- _What to do_
In the listing below, the lines starting at the line with "Savio STYX Mekanisk" and ending at the line with "40 Qt Downpress" are to be output verbatim. Images stay out of the copy.

- _Task input_
◇ ◇ ◇ ◇ ◇ ◇ ◇

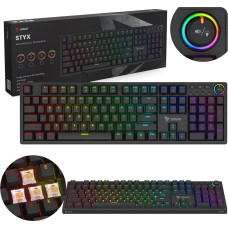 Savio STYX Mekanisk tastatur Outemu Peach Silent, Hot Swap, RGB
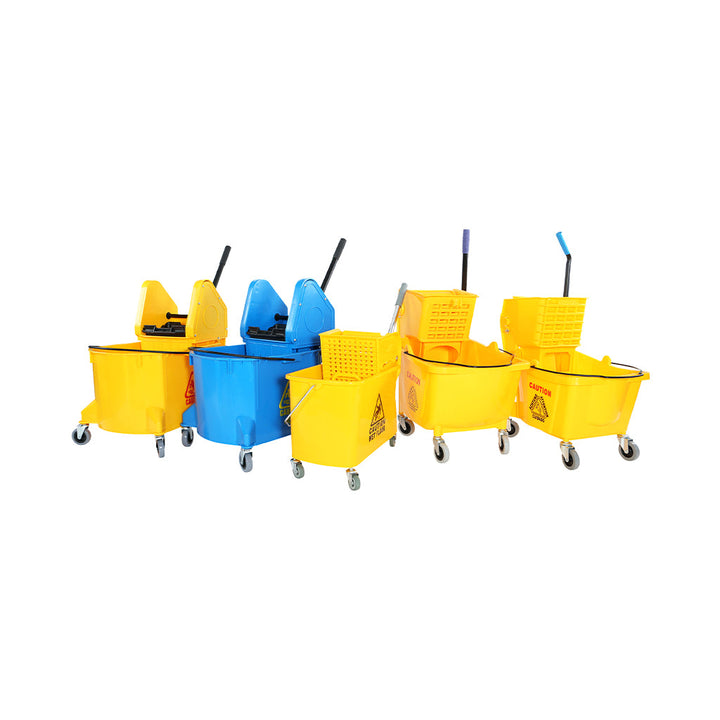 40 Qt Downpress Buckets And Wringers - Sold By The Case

◇ ◇ ◇ ◇ ◇ ◇ ◇

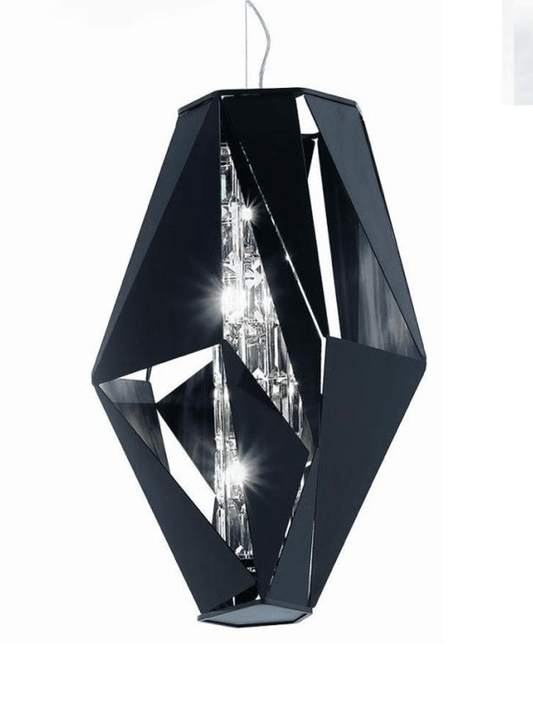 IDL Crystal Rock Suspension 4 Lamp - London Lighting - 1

◇ ◇ ◇ ◇ ◇ ◇ ◇

- _Written answer_
 Savio STYX Mekanisk tastatur Outemu Peach Silent, Hot Swap, RGB
 40 Qt Downpress Buckets And Wringers - Sold By The Case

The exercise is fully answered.